Stretching across three rooms in a ground-floor apartment at Rossana Orlandi’s gallery, the exhibition is being curated by trend forecaster Lidewij Edelkoort in collaboration with Dutch designer Kiki van Eijk. In the first room, visitors will find an audiovisual and exhibition catalogue, followed by a room containing six custom-designed wall hangings by van Eijk that were woven at TextielLab in Tilburg, Netherlands, and drew from collages of hand-cut textiles from smartphone cases and other Google products. The third room will depict Google’s view of technology and lifestyle with an at-home feel — complete with small speakers and other select items from Google’s fall 2017 hardware offerings. It will be on view April 17 to 22.
As more employees opt to work from home — whether driven by the gig economy, flexible scheduling or corporate cost-cutting — the omnipresence of technology on home life will only increase. Ivy Ross, vice president of design for hardware at Google, said the number of people working at home or in alternative spaces is nearing 50 percent. “I do think because we’re moving into this space where it’s not about technology for technology’s sake, it’s about technology that literally wants to fit into our lives. Technology can make us more creative. It’s what we do with it and the role it plays in our lives and how it shows up,” she said.
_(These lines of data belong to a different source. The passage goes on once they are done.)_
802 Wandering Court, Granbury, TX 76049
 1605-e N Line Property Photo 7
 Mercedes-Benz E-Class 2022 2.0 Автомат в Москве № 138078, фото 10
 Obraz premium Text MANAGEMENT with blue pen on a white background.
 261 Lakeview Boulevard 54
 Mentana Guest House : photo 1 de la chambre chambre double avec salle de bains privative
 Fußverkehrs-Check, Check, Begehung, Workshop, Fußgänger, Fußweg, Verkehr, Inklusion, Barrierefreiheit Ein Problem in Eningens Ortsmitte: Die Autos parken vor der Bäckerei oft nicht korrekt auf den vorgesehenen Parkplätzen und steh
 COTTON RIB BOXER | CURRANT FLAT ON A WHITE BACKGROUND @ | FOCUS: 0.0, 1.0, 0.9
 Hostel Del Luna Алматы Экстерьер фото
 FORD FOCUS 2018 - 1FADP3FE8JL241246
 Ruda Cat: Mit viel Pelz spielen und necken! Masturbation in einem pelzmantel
“Softwear” refers to a term Edelkoort coined in a trend forecast more than 20 years ago to define the convergence of technology on daily life — a lifestyle that didn’t yet exist. “It’s like a confirmation of how we live now, and how this is affecting our lifestyle and wellbeing. It is a sketch of everyday family life,” said Edelkoort, who worked with Philip Fimmano on the curation.
The exhibition will also have strategically appointed cups, bowl, books, plants, toys and other everyday object will be featured in the exhibition as snippet reminders of ordinary life. “It is more to show how this design is integrated into our lives and becomes integral to whoever we are and whatever we do,” Edelkoort said. “What I find so interesting is that this is really about being together and alone at the same time. You are together in a room or a space, and at the same time you are in your own world. But sometimes you share and sometimes you don’t. This is also happening now in hotel lobbies, libraries and public spaces. There is very new interesting gathering in a contemporary 21st-century way.”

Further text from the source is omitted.